Another versatile, effective, and often-used case is the weighted least squares method, which is implemented in the matlab function firls and others. A good general reference in this area is [203].

Let the FIR filter length be $ L+1$ samples, with $ L$ even, and suppose we'll initially design it to be centered about the time origin (``zero phase''). Then the frequency response is given on our frequency grid $ \omega_k$ by

$\displaystyle H(\omega_k) \eqsp \sum_{n=-L/2}^{L/2} h_n e^{-j\omega_kn}$ (5.33)

Enforcing even symmetry in the impulse response, i.e., $ h_n =
h_{-n}$ , gives a zero-phase FIR filter that we can later right-shift $ L/2$ samples to make a causal, linear phase filter.
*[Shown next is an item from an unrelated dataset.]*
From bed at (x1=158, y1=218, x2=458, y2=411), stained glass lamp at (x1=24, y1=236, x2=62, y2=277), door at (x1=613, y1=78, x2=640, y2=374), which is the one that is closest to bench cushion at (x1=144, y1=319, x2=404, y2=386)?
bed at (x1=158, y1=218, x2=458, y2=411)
In this case, the frequency response reduces to a sum of cosines:

$\displaystyle H( \omega_k ) \eqsp h_0 + 2\sum_{n=1}^{L/2} h_n \cos (\omega_k n), \quad k=0,1,2,\ldots, N-1$ (5.34)

or, in matrix form:

$\displaystyle \underbrace{\left[ \begin{array}{c} H(\omega_0) \\ H(\omega_1) \\ \vdots \\ H(\omega_{N-1}) \end{array} \right]}_{{\underline{d}}} = \underbrace{\left[ \begin{array}{ccccc} 1 & 2\cos(\omega_0) & \dots & 2\cos[\omega_0(L/2)] \\ 1 & 2\cos(\omega_1) & \dots & 2\cos[\omega_1(L/2)] \\ \vdots & \vdots & & \vdots \\ 1 & 2\cos(\omega_{N-1}) & \dots & 2\cos[\omega_{N-1}(L/2)] \end{array} \right]}_\mathbf{A} \underbrace{\left[ \begin{array}{c} h_0 \\ h_1 \\ \vdots \\ h_{L/2} \end{array} \right]}_{{\underline{h}}} \protect$ (5.35)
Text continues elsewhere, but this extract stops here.